Linear and Quadratic Discriminant Analysis¶
Exploring the theory and implementation behind two well known generative classification algorithms: Linear discriminative analysis (LDA) and Quadratic discriminative analysis (QDA)
This notebook will use the Iris dataset as a case study for comparing and visualizing the prediction boundaries of the algorithms.
Linear Discriminant Analysis (LDA)¶
For we assume that the random variable $X$ is a vector $\mathbf{X} = (X_1,X_2,...,X_p)$ which is drawn from a multivariate Gaussian with class-specific mean vector and a common covariance matrix $\Sigma$. In other words the covariance matrix is common to all $K$ classes: $Cov(X) = \Sigma$ of shape $p \times p$
Since $x$ follows a multivariate Gaussian distribution, the probability $p(X = x | Y = k)$ is given by: ($\mu_k$ is the mean of inputs for category $k$)

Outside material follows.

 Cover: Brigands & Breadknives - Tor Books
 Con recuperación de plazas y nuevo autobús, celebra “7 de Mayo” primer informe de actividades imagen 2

$$ f_k(x) = \frac{1}{(2 \pi)^{p/2} |\Sigma|^{1/2}} \exp \left( - \frac{1}{2} (x - \mu_k)^T \Sigma^{-1} (x - \mu_k) \right)$$
Assume that we know the prior distribution exactly: $P(Y = k) = \pi_k$, then we can find the posterior distribution as
$$ p(Y = k | X = x) = \frac{f_k(x) \ \pi_k}{P(X = x)} = C \times f_k(x) \ \pi_k $$
Since $P(X = x)$ does not depend on $k$ so we write it as a constant. We will now proceed to expand and simplify the algebra, putting all constant terms into $C, C', C''$ etc..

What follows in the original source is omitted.